▶ ACTIVITY: Every line of the entries below from the one containing "Master Bedroom, fortune-florence" to the one containing "Sanita Black Patent", both ends included, must be written out exactly. No other line belongs in the answer.
________________________
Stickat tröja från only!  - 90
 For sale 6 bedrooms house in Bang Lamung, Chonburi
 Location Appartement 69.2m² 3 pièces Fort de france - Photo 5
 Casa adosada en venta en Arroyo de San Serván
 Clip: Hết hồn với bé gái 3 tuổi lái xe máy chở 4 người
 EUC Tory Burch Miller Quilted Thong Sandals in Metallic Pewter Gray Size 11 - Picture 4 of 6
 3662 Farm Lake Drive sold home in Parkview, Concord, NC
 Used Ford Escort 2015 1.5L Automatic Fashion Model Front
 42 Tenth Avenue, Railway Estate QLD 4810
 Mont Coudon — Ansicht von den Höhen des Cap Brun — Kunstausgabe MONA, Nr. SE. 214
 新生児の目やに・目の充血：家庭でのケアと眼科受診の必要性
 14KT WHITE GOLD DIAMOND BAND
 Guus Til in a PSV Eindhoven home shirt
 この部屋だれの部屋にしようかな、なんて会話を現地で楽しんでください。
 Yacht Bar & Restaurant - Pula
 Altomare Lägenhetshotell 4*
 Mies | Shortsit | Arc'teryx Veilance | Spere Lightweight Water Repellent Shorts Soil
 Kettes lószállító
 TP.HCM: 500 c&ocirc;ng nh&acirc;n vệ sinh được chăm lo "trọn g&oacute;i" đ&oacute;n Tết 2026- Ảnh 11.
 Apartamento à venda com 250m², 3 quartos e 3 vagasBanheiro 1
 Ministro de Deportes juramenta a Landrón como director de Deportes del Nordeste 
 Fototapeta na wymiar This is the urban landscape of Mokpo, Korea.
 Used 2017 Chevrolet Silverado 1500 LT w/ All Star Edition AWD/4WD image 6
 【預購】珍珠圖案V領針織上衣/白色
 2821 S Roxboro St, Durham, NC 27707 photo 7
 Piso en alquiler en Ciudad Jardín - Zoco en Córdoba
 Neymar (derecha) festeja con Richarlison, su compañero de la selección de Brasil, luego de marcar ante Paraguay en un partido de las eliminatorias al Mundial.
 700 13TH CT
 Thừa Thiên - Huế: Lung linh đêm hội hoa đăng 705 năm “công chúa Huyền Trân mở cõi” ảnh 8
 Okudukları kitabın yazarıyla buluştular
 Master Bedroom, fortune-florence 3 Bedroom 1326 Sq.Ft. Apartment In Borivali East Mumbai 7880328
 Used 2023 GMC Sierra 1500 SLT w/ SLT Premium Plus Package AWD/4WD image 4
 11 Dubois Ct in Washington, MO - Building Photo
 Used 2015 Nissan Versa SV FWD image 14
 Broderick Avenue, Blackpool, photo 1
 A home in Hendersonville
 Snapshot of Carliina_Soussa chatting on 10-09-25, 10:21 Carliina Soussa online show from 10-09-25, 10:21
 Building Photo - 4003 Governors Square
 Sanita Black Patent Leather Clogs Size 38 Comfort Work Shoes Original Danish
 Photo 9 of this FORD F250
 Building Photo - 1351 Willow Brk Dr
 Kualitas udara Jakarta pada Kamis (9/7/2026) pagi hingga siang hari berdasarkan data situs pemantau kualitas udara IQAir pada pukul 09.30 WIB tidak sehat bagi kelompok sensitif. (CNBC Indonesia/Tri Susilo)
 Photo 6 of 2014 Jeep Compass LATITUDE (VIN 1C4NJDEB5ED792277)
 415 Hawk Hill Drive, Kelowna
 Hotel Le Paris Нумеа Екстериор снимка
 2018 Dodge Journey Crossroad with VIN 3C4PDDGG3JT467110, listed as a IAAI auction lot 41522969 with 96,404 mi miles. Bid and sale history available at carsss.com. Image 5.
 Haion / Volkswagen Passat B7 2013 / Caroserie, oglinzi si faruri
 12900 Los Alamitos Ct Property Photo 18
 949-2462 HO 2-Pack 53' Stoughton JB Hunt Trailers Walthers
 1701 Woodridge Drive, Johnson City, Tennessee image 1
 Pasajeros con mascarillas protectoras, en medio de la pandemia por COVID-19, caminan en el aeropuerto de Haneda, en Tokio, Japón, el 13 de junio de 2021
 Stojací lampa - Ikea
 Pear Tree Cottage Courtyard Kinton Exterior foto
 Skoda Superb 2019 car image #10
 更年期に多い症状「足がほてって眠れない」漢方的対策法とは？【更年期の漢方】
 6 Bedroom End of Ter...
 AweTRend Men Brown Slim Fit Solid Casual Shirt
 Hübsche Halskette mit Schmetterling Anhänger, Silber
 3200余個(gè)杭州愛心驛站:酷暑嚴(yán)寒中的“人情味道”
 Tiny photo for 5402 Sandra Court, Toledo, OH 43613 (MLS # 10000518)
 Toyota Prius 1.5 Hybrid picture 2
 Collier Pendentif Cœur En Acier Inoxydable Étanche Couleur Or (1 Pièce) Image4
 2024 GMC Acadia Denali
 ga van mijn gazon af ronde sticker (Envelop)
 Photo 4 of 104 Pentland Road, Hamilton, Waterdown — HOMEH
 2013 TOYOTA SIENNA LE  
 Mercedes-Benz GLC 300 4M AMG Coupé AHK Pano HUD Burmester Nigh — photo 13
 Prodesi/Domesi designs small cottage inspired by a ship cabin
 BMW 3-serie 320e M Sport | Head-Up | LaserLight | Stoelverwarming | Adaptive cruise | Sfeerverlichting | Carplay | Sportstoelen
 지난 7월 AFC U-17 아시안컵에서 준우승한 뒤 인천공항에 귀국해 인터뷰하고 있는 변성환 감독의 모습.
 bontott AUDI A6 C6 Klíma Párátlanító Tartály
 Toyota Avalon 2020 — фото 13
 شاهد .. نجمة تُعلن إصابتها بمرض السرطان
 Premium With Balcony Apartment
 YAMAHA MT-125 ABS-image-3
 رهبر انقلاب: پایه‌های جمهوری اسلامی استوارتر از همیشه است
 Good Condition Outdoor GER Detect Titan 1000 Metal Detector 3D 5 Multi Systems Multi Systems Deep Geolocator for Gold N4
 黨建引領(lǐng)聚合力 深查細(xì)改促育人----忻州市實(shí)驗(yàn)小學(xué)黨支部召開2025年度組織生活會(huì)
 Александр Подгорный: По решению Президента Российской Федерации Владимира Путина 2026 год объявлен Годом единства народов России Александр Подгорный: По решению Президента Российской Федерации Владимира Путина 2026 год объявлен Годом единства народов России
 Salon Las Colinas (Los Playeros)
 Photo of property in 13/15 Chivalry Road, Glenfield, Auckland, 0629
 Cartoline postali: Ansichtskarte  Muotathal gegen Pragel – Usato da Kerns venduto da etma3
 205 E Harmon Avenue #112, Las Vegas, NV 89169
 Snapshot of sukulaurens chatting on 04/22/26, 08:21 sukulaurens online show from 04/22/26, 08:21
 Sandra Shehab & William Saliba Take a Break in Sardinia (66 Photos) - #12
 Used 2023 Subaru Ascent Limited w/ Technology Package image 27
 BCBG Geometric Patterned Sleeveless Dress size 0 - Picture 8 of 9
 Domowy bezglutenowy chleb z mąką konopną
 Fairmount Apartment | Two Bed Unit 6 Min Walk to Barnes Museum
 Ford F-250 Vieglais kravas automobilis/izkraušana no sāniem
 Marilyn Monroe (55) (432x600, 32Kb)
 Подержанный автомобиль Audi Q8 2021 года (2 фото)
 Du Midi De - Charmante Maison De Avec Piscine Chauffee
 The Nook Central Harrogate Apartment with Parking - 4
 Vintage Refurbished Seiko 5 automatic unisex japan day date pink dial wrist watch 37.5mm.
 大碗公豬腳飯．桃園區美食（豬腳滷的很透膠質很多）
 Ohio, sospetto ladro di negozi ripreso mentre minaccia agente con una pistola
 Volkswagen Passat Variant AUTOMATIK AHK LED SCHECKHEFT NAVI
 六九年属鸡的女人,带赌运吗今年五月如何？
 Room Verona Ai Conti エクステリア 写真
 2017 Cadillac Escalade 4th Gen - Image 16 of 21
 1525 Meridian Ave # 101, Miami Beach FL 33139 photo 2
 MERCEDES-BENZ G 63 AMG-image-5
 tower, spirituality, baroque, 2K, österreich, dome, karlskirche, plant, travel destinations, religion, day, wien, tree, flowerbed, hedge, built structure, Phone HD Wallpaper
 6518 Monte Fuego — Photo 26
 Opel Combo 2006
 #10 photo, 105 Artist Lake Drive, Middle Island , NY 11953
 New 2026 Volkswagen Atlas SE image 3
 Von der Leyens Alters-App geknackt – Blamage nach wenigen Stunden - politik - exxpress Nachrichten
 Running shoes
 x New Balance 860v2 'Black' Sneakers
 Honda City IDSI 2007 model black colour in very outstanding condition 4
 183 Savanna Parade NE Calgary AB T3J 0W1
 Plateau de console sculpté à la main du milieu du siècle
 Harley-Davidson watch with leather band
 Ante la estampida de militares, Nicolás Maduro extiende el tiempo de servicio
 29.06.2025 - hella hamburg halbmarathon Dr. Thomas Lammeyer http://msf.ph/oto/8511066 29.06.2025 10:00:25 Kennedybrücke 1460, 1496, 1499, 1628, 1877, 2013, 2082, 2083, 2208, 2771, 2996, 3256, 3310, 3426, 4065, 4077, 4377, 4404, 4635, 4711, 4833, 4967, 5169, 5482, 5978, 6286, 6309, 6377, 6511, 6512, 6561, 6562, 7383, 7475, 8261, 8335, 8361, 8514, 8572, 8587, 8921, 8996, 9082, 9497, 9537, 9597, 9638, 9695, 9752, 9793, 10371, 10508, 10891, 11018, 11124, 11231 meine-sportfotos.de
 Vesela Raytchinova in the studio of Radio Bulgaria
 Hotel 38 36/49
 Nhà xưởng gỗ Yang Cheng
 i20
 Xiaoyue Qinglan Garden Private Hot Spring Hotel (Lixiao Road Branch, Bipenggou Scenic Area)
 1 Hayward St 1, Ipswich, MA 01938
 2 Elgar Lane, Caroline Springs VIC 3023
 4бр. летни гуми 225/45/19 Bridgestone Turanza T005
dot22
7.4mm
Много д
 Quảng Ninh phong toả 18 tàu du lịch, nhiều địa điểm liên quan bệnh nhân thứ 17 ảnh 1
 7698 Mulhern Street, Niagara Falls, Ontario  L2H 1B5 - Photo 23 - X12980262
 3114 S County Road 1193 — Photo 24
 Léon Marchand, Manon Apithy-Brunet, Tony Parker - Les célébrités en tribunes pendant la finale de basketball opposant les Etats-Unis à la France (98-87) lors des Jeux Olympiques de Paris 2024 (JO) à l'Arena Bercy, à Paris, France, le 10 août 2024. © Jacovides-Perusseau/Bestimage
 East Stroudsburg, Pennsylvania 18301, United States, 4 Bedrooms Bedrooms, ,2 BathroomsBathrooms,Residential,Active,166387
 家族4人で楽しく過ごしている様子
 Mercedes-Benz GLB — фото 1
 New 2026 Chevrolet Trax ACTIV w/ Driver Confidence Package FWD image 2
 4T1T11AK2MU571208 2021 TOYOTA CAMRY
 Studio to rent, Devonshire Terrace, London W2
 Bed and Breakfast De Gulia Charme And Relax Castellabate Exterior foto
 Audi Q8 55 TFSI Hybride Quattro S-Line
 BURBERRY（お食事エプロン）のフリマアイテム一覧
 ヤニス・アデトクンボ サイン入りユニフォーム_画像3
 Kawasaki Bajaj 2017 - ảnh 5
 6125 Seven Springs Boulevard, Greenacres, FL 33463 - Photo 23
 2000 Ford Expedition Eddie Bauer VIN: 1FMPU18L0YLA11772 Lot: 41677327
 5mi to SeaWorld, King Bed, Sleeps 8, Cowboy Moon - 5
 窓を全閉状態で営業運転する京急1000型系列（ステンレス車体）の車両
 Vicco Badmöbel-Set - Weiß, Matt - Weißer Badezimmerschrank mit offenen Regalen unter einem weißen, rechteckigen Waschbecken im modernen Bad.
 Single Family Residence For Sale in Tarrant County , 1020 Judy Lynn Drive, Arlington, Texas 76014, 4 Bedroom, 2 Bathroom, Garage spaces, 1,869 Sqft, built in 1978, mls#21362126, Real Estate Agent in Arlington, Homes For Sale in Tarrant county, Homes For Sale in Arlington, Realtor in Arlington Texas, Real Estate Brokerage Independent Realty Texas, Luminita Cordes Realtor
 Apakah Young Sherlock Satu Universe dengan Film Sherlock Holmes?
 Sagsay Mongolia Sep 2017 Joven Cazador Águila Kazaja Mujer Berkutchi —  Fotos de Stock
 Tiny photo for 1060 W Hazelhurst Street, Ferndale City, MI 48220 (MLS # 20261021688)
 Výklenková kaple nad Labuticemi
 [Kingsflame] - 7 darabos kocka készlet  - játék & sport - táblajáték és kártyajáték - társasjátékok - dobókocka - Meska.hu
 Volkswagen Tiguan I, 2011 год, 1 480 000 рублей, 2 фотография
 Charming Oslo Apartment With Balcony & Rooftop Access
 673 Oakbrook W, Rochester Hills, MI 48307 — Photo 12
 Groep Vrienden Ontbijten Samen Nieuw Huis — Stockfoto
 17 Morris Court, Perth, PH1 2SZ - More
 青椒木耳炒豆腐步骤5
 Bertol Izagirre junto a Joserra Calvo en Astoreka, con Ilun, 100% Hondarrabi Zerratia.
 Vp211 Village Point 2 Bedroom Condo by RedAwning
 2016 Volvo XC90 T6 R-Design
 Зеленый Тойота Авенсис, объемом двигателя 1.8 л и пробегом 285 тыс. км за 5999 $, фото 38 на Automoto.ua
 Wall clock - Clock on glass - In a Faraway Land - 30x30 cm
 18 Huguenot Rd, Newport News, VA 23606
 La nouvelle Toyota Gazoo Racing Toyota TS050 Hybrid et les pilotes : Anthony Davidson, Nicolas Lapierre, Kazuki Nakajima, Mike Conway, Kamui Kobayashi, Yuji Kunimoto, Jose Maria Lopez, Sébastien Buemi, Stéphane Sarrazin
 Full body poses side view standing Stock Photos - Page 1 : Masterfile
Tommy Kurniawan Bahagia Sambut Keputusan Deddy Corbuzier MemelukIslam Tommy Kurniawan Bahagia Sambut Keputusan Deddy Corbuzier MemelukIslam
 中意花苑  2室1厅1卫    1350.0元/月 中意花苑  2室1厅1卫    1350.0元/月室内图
________________________
▶ COMPLETED TASK:
 Master Bedroom, fortune-florence 3 Bedroom 1326 Sq.Ft. Apartment In Borivali East Mumbai 7880328
 Used 2023 GMC Sierra 1500 SLT w/ SLT Premium Plus Package AWD/4WD image 4
 11 Dubois Ct in Washington, MO - Building Photo
 Used 2015 Nissan Versa SV FWD image 14
 Broderick Avenue, Blackpool, photo 1
 A home in Hendersonville
 Snapshot of Carliina_Soussa chatting on 10-09-25, 10:21 Carliina Soussa online show from 10-09-25, 10:21
 Building Photo - 4003 Governors Square
 Sanita Black Patent Leather Clogs Size 38 Comfort Work Shoes Original Danish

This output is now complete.